Depois da primeira guerra mundial, as abordagens históricas das sociedades foram perdendo adeptos e a escola funcionalista começou a ganhar relevância. Bronislaw Malinowski, seu mais eminente representante, sustentou que o objetivo da pesquisa antropológica deve ser a compreensão da totalidade de uma cultura, inseparável da percepção da conexão orgânica de todas as suas partes. A comparação entre culturas e a abordagem histórica não têm sentido para Malinowski; só faz parte de uma cultura aquilo que, no momento em que se estuda, tem nela uma função. A única maneira de perceber um elemento de uma cultura é analisar a função que tem esse elemento dentro dela. Não se pode compreender uma instituição social sem conhecer suas relações com as outras instituições da mesma sociedade. As atividades econômicas, o sistema de valores e a organização de uma sociedade constituem um complexo inter-relacionado cuja descrição é necessária para que se possa estudar adequadamente essa sociedade.
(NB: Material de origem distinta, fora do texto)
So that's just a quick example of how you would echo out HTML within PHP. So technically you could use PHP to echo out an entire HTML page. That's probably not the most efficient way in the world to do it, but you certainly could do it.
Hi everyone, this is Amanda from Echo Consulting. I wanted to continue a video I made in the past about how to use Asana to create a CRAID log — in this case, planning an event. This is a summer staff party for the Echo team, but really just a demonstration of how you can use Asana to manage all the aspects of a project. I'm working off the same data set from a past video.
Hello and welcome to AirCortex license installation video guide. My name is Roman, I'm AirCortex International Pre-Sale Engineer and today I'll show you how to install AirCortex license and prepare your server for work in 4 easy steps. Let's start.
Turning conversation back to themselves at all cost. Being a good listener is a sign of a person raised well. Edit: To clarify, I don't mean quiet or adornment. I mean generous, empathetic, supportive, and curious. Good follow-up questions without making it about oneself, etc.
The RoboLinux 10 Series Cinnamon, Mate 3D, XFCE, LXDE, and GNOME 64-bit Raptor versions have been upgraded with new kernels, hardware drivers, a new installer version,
Dentro da tendência funcionalista, a escola sociológica francesa, encabeçada por Émile Durkheim, teve notável influência sobre o pensamento antropológico. Em Règles de la méthode sociologique (1895; Regras do método sociológico), Durkheim deixou bem estabelecido que, no campo social, existe um aspecto da realidade que vai além dos simples comportamento individuais. É preciso, portanto, estudar os fatos sociais como se fossem coisas em si, independentes da consciência dos indivíduos que formam a sociedade.
O intelectualismo analítico e a concepção da sociedade como um todo orgânico, como um sistema - características da escola sociológica francesa -, ao lado da tradição empirista, que busca fatos - marca das escolas anglo-saxônicas e, em parte, da germânica - são talvez as duas bases fundamentais em que se assenta a moderna antropologia social.

Estruturalismo:
Marcel Mauss, fundador do Instituto de Etnologia da Universidade de Paris, foi mestre de toda uma geração de antropólogos europeus. Seu enfoque, em princípio funcionalista, conquanto mais centrado na sociedade como um todo indivisível do que como uma soma de inter-relações entre indivíduos, deu origem à escola estruturalista. Baseando-se em conceitos derivados da matemática formal e da lingüística, os antropólogos estruturalista buscaram compreender uma dada sociedade extraindo seu modelo estrutural. Os
procedimentos estruturas demonstraram sua utilidade para o conhecimento dos sistemas de parentesco e dos sistemas de mitos. Mas a absoluta falta de visão histórica da escola estruturalista e sua análise meramente estática da realidade foram amplamente criticadas.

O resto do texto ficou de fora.